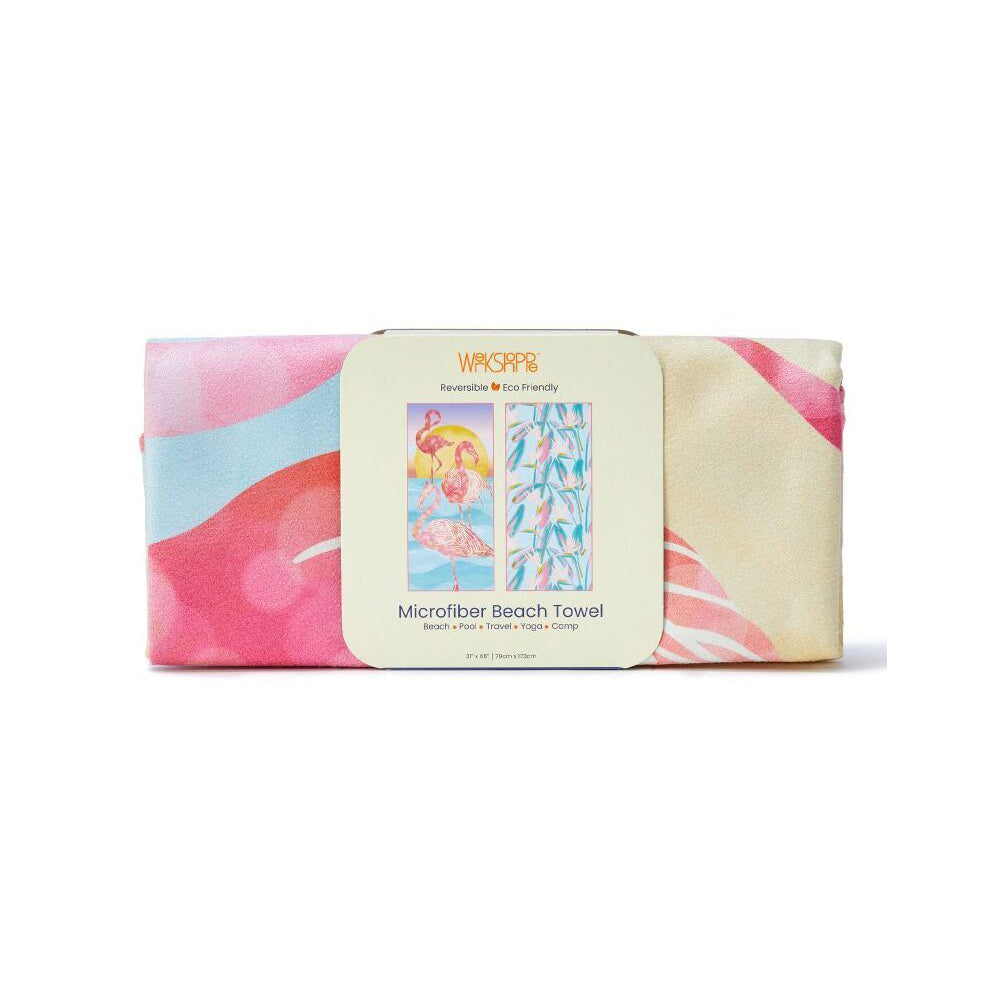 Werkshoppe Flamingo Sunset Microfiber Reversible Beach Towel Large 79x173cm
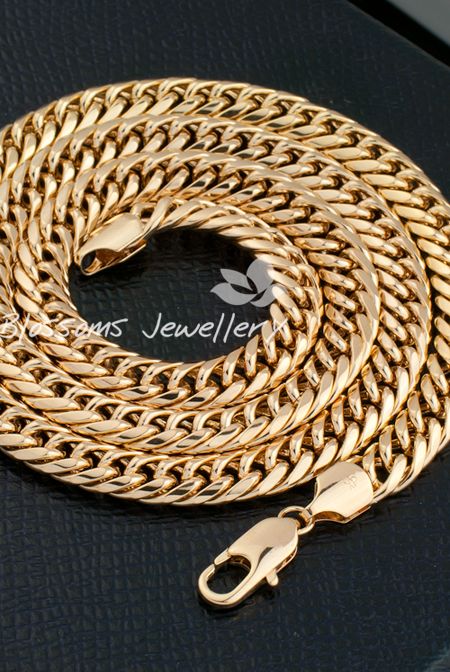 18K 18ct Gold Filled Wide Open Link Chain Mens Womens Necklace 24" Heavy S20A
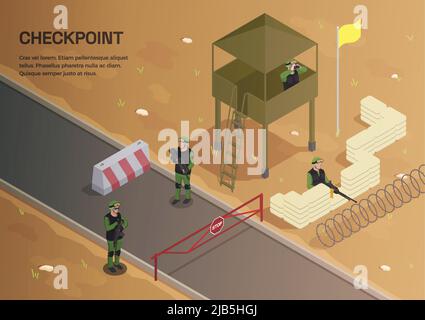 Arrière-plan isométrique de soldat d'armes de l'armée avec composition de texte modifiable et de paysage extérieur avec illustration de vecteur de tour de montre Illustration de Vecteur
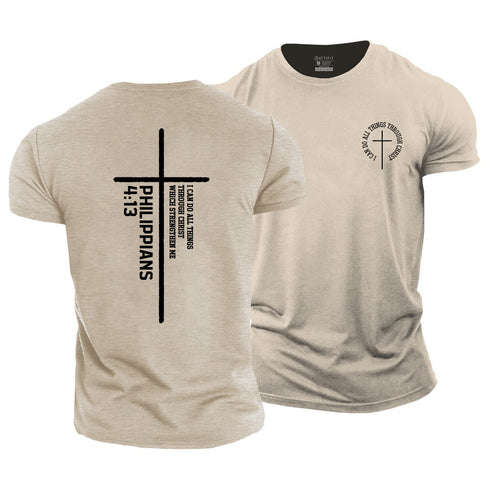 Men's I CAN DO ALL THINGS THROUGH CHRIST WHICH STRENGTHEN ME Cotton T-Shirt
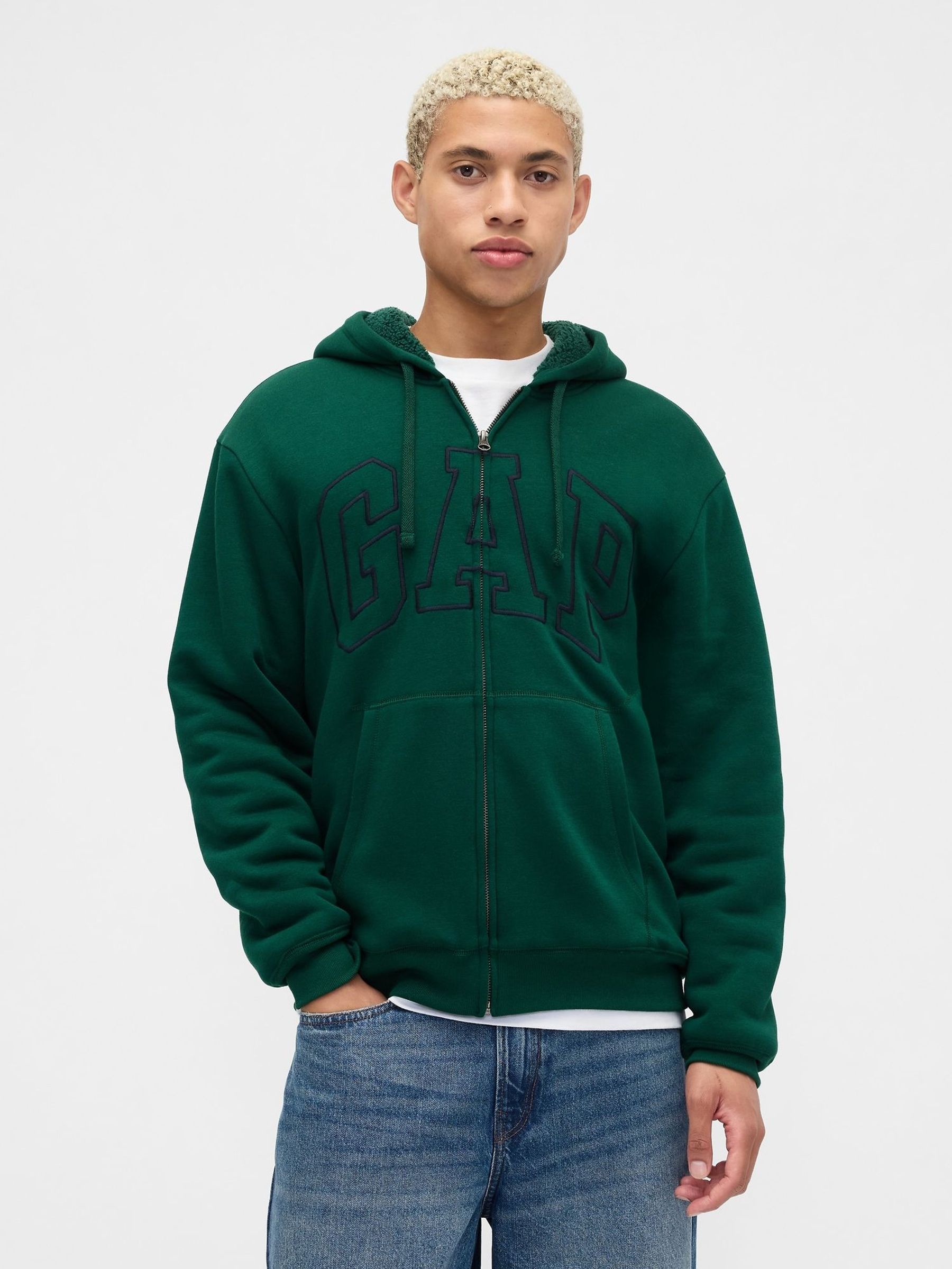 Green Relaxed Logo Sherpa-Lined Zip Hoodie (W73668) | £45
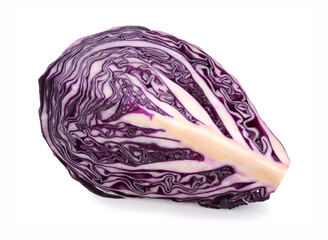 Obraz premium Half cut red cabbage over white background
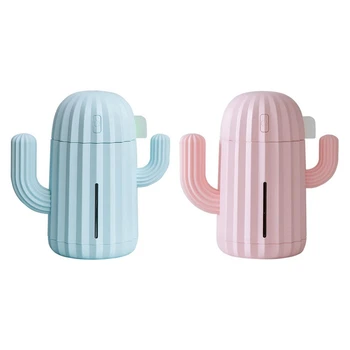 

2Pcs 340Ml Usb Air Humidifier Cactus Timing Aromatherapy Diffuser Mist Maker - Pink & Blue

#####

* [Exercise description] The expected response is every line of the material, written out exactly, with the images removed.

* [Solution]
 Werkshoppe Flamingo Sunset Microfiber Reversible Beach Towel Large 79x173cm
 18K 18ct Gold Filled Wide Open Link Chain Mens Womens Necklace 24" Heavy S20A
 Arrière-plan isométrique de soldat d'armes de l'armée avec composition de texte modifiable et de paysage extérieur avec illustration de vecteur de tour de montre Illustration de Vecteur
 Men's I CAN DO ALL THINGS THROUGH CHRIST WHICH STRENGTHEN ME Cotton T-Shirt
 Green Relaxed Logo Sherpa-Lined Zip Hoodie (W73668) | £45
 Obraz premium Half cut red cabbage over white background

2Pcs 340Ml Usb Air Humidifier Cactus Timing Aromatherapy Diffuser Mist Maker - Pink & Blue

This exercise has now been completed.